По идее создателя, клапанок крепился к документу для того, чтобы на нем большой начальник написал свое отношение к данной теме и дал указание для меньшего начальника. Но вскоре большие начальники поняли, что неразумно ставить перед собой невыполнимых задач - для этого есть подчиненные. Этим открытием они вдохнули новую жизнь в его "величество клапанок". Теперь он служит чем-то вроде "черной метки", ищет несчастного ответственного за "провал безнадежного дела".
Так было и в этом случае. Документ требовал принятия решения по проблеме... проблеме..., ну, назовем ее для краткости проблемой "Н". Она по самым скромным подсчетам требует двух-трех миллионов рублей. Таких свободных денег у министра нет. Но дело важное - государственное. Прямой отказ общественность не поймет, опять же пресса... Как быть? Спасает его величество клапанок!
Итак, на клапанище, тот что из секретариата министра, начертано: "Начальнику Генерального штаба - исполнить!". Но начальник Генерального штаба, так же как и министр, хорошо знает, что на это дело нет решительно ни копейки. Ему тоже взять их неоткуда. Потому и он, не долго думая, крепит свой клапанок. На нем строго приказывает: "Исполнить!" - начальнику главного управления, в данном случае нашего.

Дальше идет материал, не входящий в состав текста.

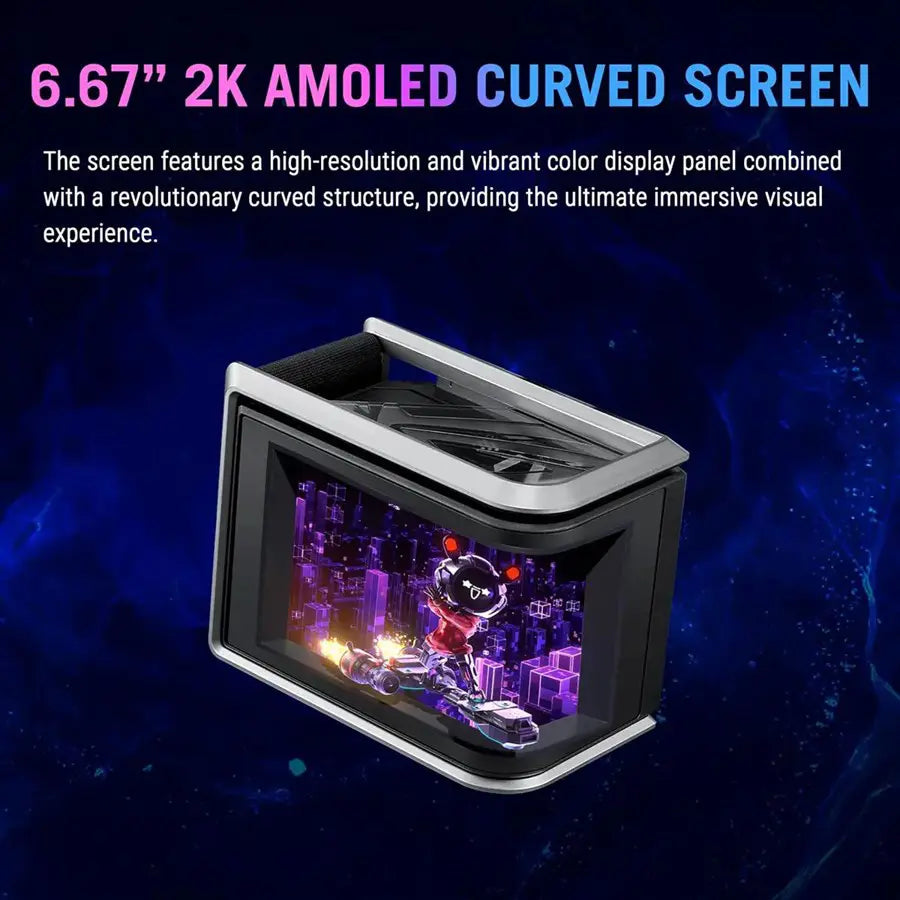 Asus ROG Ryuo IV SLC 360 ARGB Liquid CPU Cooler, 6.67' AMOLED Display, 360mm Radiator, 3x 120mm ARGB Fans, Black
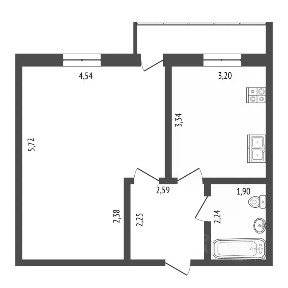 Продается 1-комн. квартира, 37,8 м²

Но и наш начальник не лыком шит! Он не глуп, и у него тоже нет денег исполнить то, что надо исполнить. Откуда он их достанет? Вот он и достает в свою очередь новый клапанок поменьше и тоже пишет: "Исполнить!" теперь начальнику управления генерал-майору Скорняжному. А уж СВ тем более стреляный воробей! Его на мякине не проведешь! Он крайним не останется ни-ко-гда! Его резолюция самая строгая и многословная: "Начальникам первого, второго и четвертого отдела! Срочно! Исполнить решение министра обороны! В двухдневный срок проработать и представить мне план реализации данного проекта".
Корнеев почесал затылок, взял ручку и уже на клапанке Скорняжного (ему как начальнику отдела по статусу не полагалось лепить свои клапанки) начертал: "Тов. Федорову С.Ф.! Срочно! Исполнить!"
Николай знал, не пройдет и пяти минут как Сергей Федорович робко постучится в кабинет. Затем, краснея и заикаясь, начнет по простоте своей душевной объяснять Корнееву то, что он и без него хорошо знает. Но таковы правила игры. Федорову уже не на кого сделать "распасовку". Потому поворчит, повозмущается и возьмет ручку, чтобы сочинять заведомо никому не нужный и невыполнимый "план по реализации плана". Затем его надо будет правильно "упаковать". Это тоже не простое дело. Целая "наука побегать" по инстанциям.
Надо подготовить текст письма на имя начальника управления за подписью начальника отдела с просьбой подписать письмо на имя начальника главка. Там же будут проекты писем начальника главка на имя начальника Генерального штаба и проект письма начальника Генерального штаба на имя министра обороны, в которых будет говориться приблизительно то же, что и в известном анекдоте: "С баней договорился. Бани не будет!" В каждом из этих писем (не дай Бог ошибиться!) ссылки на входящие и исходящие номера всех писем. Да все это положить в красивую папку, да напечатать на хорошей бумаге, да чтобы картридж новый! А чтобы начальнику долго и нудно не перечитывать весь этот гроссбух - внимание! Вот он момент истины! Вот вам переход количества в качество - в правом верхнем углу папки должен быть новый клапаночек! Теперь уже с кратким изложением сути дела (ведь начальству недосуг изучать тонкости дела). В данном случае он будет звучать приблизительно так: "О проблеме "Н".
А всего-то было - министру черкнуть на документе одно слово: "Отказать!"
Не успел Николай расписать (читай - распасовать) шестой документ, как в дверь, постучавшись, заглянула Ирина Петровна из отдела режима секретности.